I have read many business plans from clients and friends over the years, and helped write more than a few. I have strong opinions about what works and what doesn’t and I have been mulling a post on the subject for a while.

As I started writing though, I found that lots of other bright people have also written extensively on this topic. More to the point, many of these people are VCs in the business of funding companies. Here, then, is a whole lotta link-love on the subject of business plans, with my own editorial comments.

*Purpose. Guy Kawasaki says that writing the plan is a really valuable exercise to “to solidify the objectives (what), strategies (how), and tactics (when, where, who)“. He also says (two lines prior) that it is a “mechanical step in due diligence”. Translation- no one is going to read the whole thing, so figure out how to make the important points stand out without being ostentatious about it. Use descriptive headings.

*Length. Around 10 pages is all you need. Guy says 11 and even allows an extra 9 for good measure. The best ones I have seen have all been concise. If you have trouble reducing the essence of your business to that amount of space you are too close to it. Get a friend who knows nothing about the idea to review it and tell her/him to cut out everything the tiniest bit extraneous.

*Executive Summary. The Woodside Fund allows 3-5 pages for this. Brad Burnham says 1-2. Guy says 1 and I agree with him. Remember that your audience may look at 10 of these every day. Hitting the major points so a reader can take them all in a single scan is a big help.

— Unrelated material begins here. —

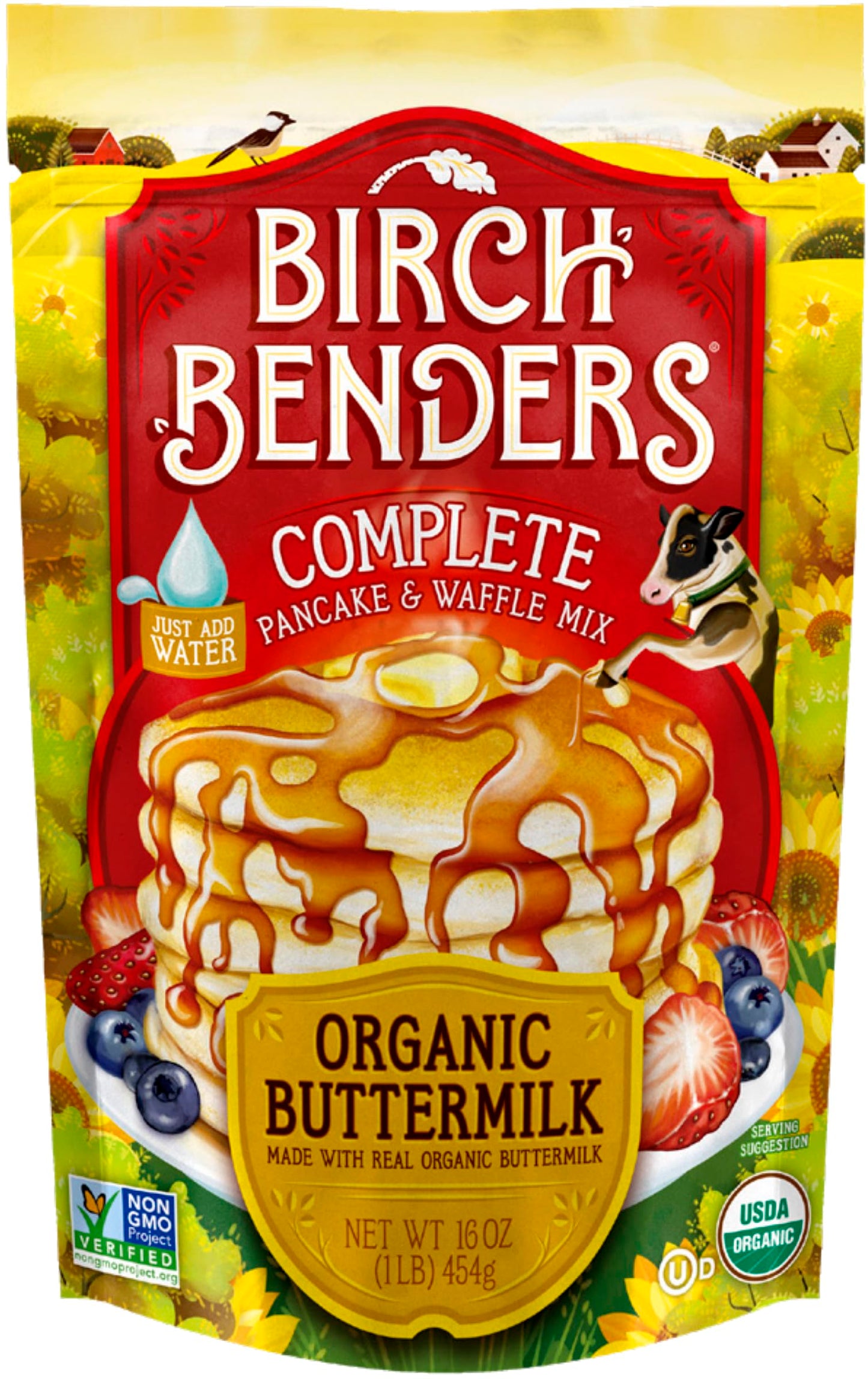 Organic Pancake and Waffle Mix, Classic Recipe by Birch Benders, Whole Grain, Non-GMO, Just Add Water, 16oz (Packaging may vary)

*Management Team. This is the hardest for most people, because new businesses are usually in new areas for the founders so their prior experience isn’t necessarily relevant. This is also the least-discussed area of the business plan by all of the VC blogs I researched for this post. Ask the VC cites the ability to build the product and ability to sell it as key attributes in founders. I’m willing to bet there are more exceptions to this rule than any other, though. I can name a half-dozen clients whose founders had vision and managerial/organizational skills, but no technical or sales experience per se. What is the secret then? I’d say it is to instill confidence in the audience that you can do what you say you will do. I hate to be so vague, but I really believe if you can convey that everything else will follow.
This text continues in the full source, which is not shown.